The region-wide downpour dumped as much as 8 inches of rain in parts of Alabama during and following the Labor Day weekend, salvaging some crops from one of the hottest months of August on record.

But some parts of the state, including the Wiregrass region in southeast Alabama, didn’t see enough rain from the storm to relieve drought conditions. Parts of Georgia also were not as fortunate.

Officials with the National Weather Service reported that only 1 inch or less of rain was recorded in Houston and Henry counties in the southeast corner of Alabama.

The storm took a crooked path through the state, almost skipping some areas altogether while dumping several inches of rain in others.

But for most of Alabama, Lee helped to end a hot, dry summer on a wet note, causing flash flooding and closing roads in some places, especially in the north-central part of the state.

Alabama Agriculture Commissioner John McMillan said rain soaked much of the state, but it didn't appear to be enough to pull some of the Wiregrass area out of the drought.

“Houston and Henry counties were terribly dry,” McMillan said.

While the moisture was needed, McMillan said the heavy rains could complicate the job facing farmers during the upcoming harvest.

According to the U.S. Drought Monitor, Tropical Storm Lee brought beneficial rains to the Gulf Coast and Southeast before hooking up with a cold front from the west that brought heavy rainfall up and down the Appalachian Mountains from Georgia to southern Pennsylvania.

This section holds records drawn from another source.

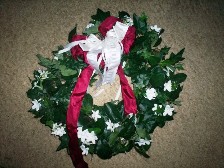 wreath with stephenotis, ivy, and a broad leaf that we cant identify :)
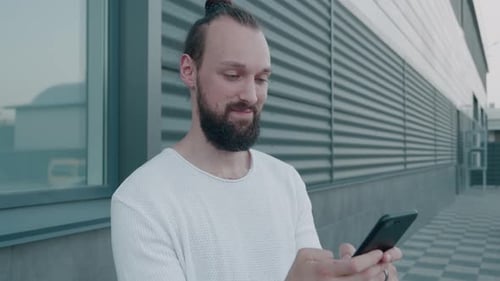 Man Using Phone Next to Modern Building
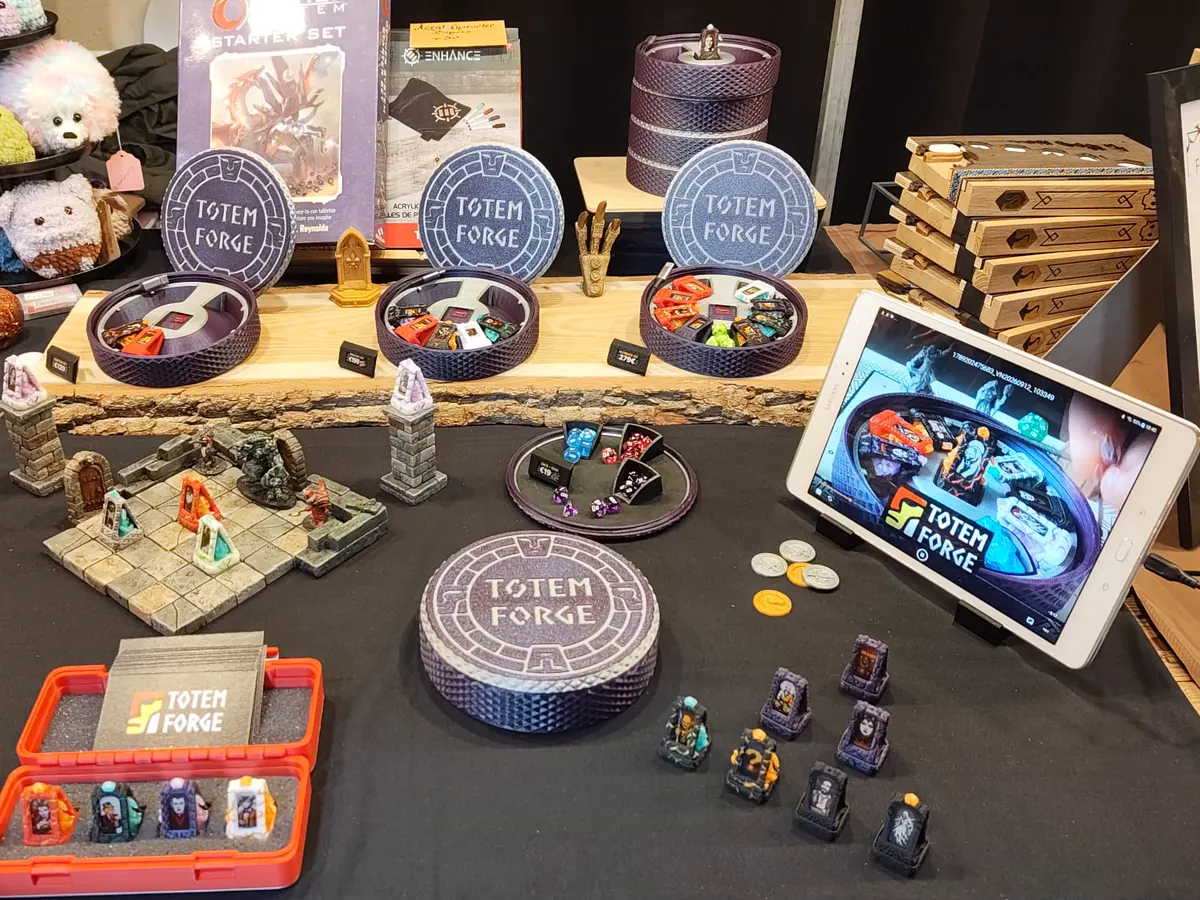 The Totem Forge booth at Main Quest Con 2026: summoning circle cases, loaded totems on a dungeon tile, and the app demo on a tablet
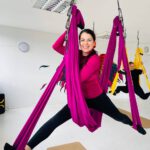 Teilnehmerin beim Aerial-Yoga: im pinken Tuch, Spagat-Pose, Studio.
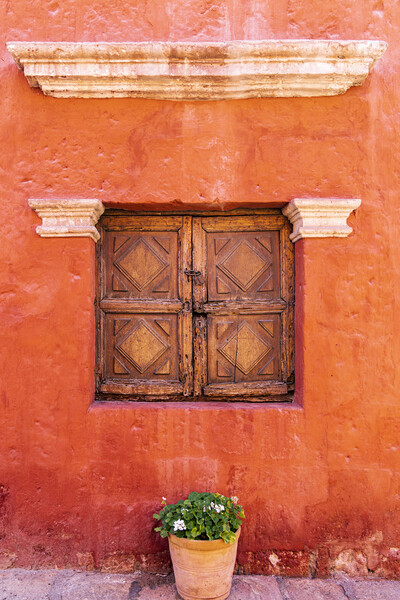 Wooden window shutters, red wall in the Santa Catalina Monastery, Peru Picture Board by Phil Crean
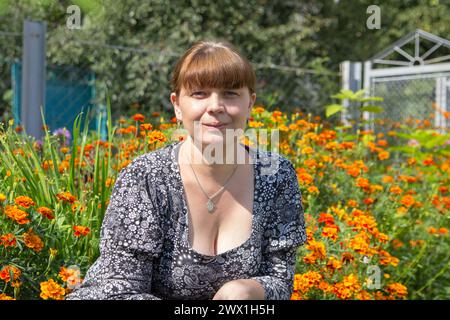 Frau, die in Tagetes Blumen im Garten sitzt Stockfoto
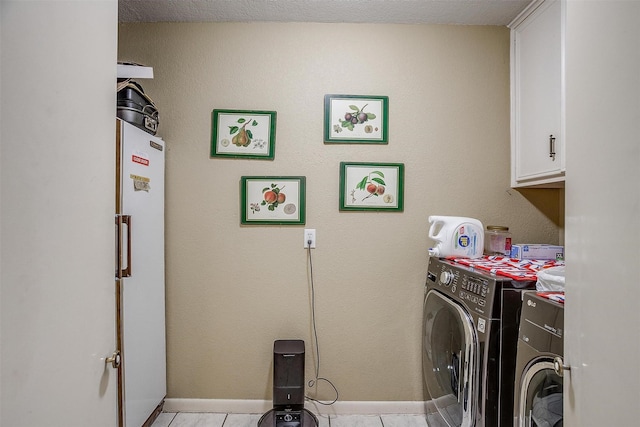 clothes washing area featuring washer / clothes dryer, cabinet space, baseboards, and light tile patterned floors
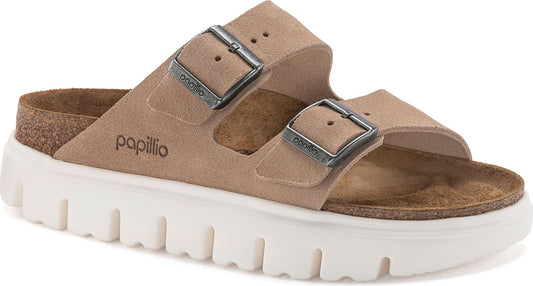 Two strap light brown sandal with silver buckles and a thick white sole. The word "papillio" is on the side.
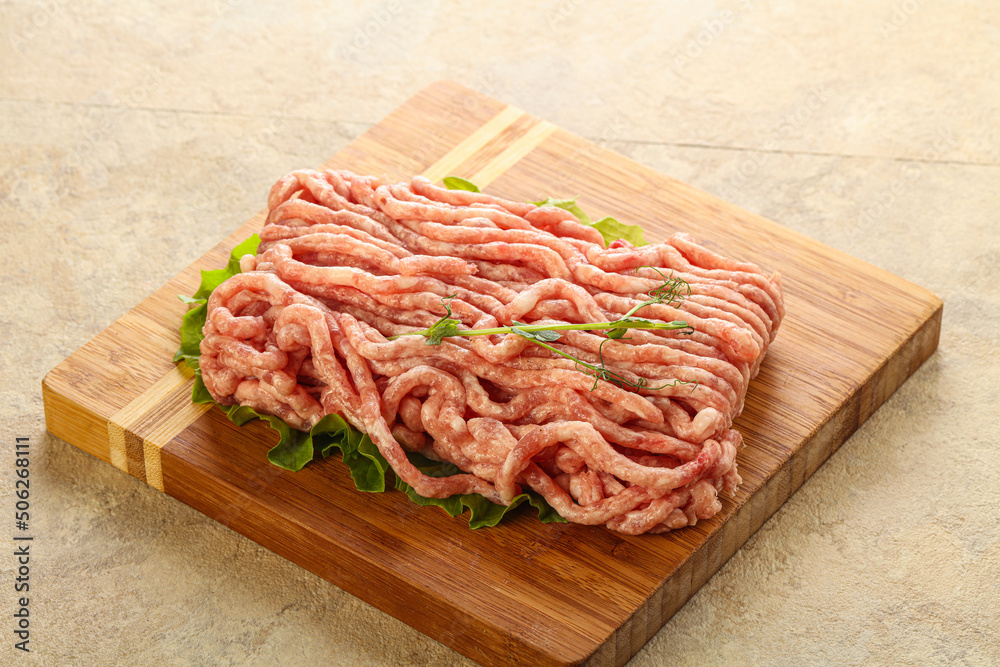 Raw minced pork meat over board Raw minced pork meat over board
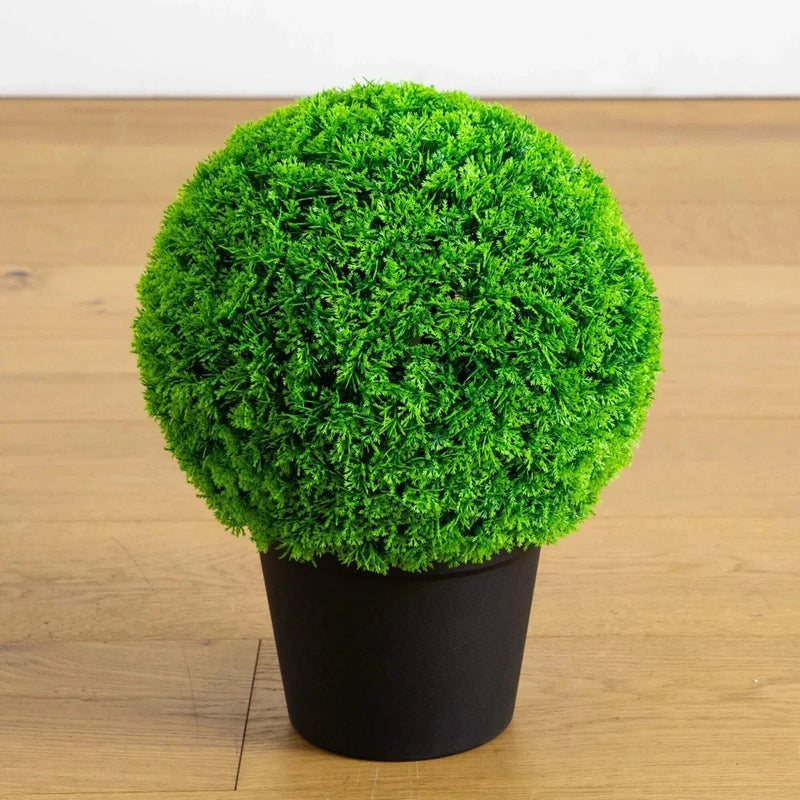Artificial cypress topiary plant in black round pot, dense bright green globe shape
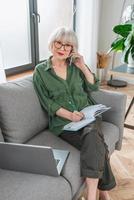 empresário sênior mulher amigável trabalhar em casa. falando ao telefone trabalhar com lap top. negócios, autônoma, conceito de mulher idosa foto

Soaking rains on the order of 4 to 8 inches or more fell across a good portion of the Southeast region bringing improvement to drought-stricken areas in eastern Kentucky, western North Carolina, southern, western and northern Virginia, West Virginia’s southern, eastern and Panhandle regions, western Maryland, Pennsylvania and western/upper New York.

The rains of Lee served as a balancing act of sorts for these regions in general as the heaviest rains from Hurricane Irene fell mostly to the east of Lee’s rains in and around the coastal areas, according to the Drought Monitor.

South Carolina, however, missed out on the tropical moisture leading to worsening of conditions along the Georgia border and within the Savannah River Basin region.

The past two to four months have been extremely dry and impacts were being reported in alfalfa and pasture conditions, along with stock ponds going dry.